Lung Cancer - The Facts Roy Castle Lung Cancer Foundation

Terry Kavanagh with his wife

I Can Get well

 

It’s 13 years since Terry Kavanagh, 57, learned he had lung cancer and had just a 5 per cent chance of recovery.

 

Married with three children, the Liverpool joiner was inspired by a man in the next hospital bed who had survived the same disease 22 years earlier.

He now devotes his time to ensuring that other patients will get the best possible deal.

"I couldn’t believe that I had lung cancer at only 42. I was self-employed, doing well, and after 21 years of marriage, my wife Anne and I had just had our first holiday abroad. I’d been an amateur boxer, played rugby, run marathons and at 40 I’d finally put on armbands and learned to swim, quickly graduating to the advanced class. I’d kept an allotment for 30 years too, so the whole family always ate healthily with loads of vegetables and salad. When I asked the oncologist what had caused my cancer, he laughed. ’I should have thought that was obvious: smoking’, he said. But I’d never smoked in my life.

I have wondered if carpentry dust had something to do with it or if there was a connection with the swimming baths and chemicals, because when I came out my eyes would close up for 24 hours and I’d sneeze continually. Doctors have discounted the idea, but once, at the oncologist, I met a friend who’d developed throat cancer and felt sure he’d got it from working in the baths for three years. Some people of course, swim all their lives and never get ill, but equally some smokers never fall ill. Apparently 95 per cent of the people who get my type of cancer get it through smoking, so they reckon I got it from passive smoking. That’s likely, because everyone smoked where I grew up in Edge Hill. It was a totally smoking environment - still is to be honest - and my friends had their first cigarette at 11 years old.

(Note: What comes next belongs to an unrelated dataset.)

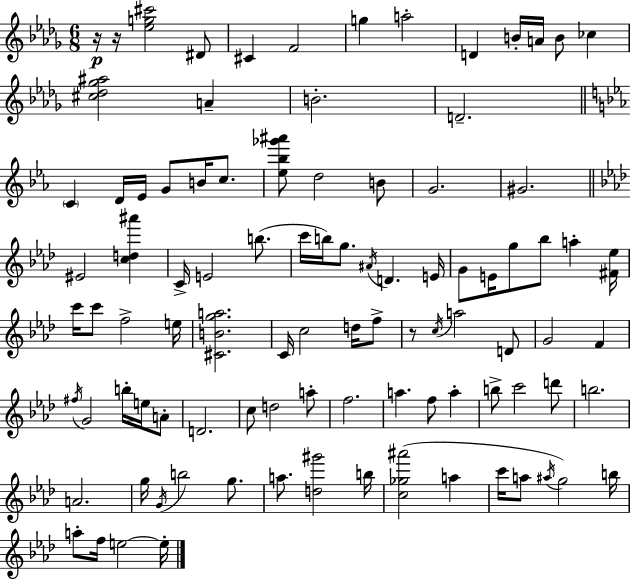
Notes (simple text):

R/s R/s [Eb5,G5,C#6]/h D#4/e C#4/q F4/h G5/q A5/h D4/q B4/s A4/s B4/e CES5/q [C#5,Db5,Gb5,A#5]/h A4/q B4/h. D4/h. C4/q D4/s Eb4/s G4/e B4/s C5/e. [Eb5,Bb5,Gb6,A#6]/e D5/h B4/e G4/h. G#4/h. EIS4/h [C5,D5,A#6]/q C4/s E4/h B5/e. C6/s B5/s G5/e. A#4/s D4/q. E4/s G4/e E4/s G5/e Bb5/e A5/q [F#4,Eb5]/s C6/s C6/e F5/h E5/s [C#4,B4,G5,A5]/h. C4/s C5/h D5/s F5/e R/e C5/s A5/h D4/e G4/h F4/q F#5/s G4/h B5/s E5/s A4/e D4/h. C5/e D5/h A5/e F5/h. A5/q. F5/e A5/q B5/e C6/h D6/e B5/h. A4/h. G5/s G4/s B5/h G5/e. A5/e. [D5,G#6]/h B5/s [C5,Gb5,A#6]/h A5/q C6/s A5/e A#5/s G5/h B5/s A5/e F5/s E5/h E5/s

Open quotesI had so many blood tests that I began to call the nurses vampiresClose quotes

 

I’d say that lung cancer crept up on me unawares. Over several years I developed a rattle that I couldn’t cough up. My GP sent me for an x-ray, but nothing showed up.

 

Sometimes there were specks of blood when I cleaned my teeth. I put this down to my gums, though I now know it was from my lungs. If I sneezed, it smelt terrible too, which we thought was probably due to my time in the swimming baths. Looking back, I don’t think I’d felt 100 per cent for a long time, with a cough and slight breathlessness. After a second x-ray in October 1988, my GP said ’There is something there, but we put it down to ageing.’ After my surgery I felt I had a grievance with this guy for failing to refer me sooner, but he said they hadn’t been looking for a cancer. GP5 have a low index of suspicion for all cancers, because they are used to treating common ailments. 40,000 people are diagnosed with lung cancer in the UK every year, so if there are 40,000 GPs, then that’s only one to each doctor. They are just not fully aware.

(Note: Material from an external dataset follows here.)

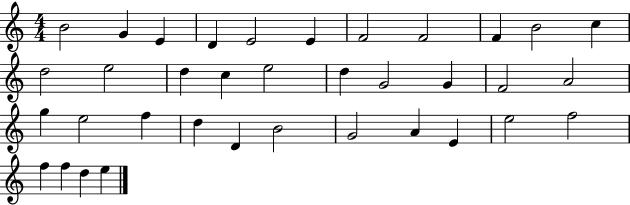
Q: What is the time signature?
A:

Over the Christmas I developed a heavy, flu-ish cold. On New Year’s Day we went out to a local wine bar where Anne remembers me being as miserable as sin. The next morning I coughed up a great clot of blood, which really frightened me. The doctor’s surgery was closed so Anne suggested I go straight to the Royal Liverpool Hospital thinking they would ease my mind. Nothing was visible on the x-ray, but they booked me in for more tests, apparently looking for TB. I had a cat scan, MRI scans, two bronchoscopies and so many blood tests that I began to call the nurses vampires. At some point I couldn’t take any more, stuffed my belongings into a bag, signed myself out and walked home. But the hospital kept my bed open, recognising what trauma I was going through. Finally, on Friday 13th the ward doctor disclosed that I had a growth on my lung, using the word tumour though the word cancer was studiously avoided. I’d also developed pains all over, and the doctor told me boldly that if they were secondaries, I had about three months to live. His bedside manner was nonexistent.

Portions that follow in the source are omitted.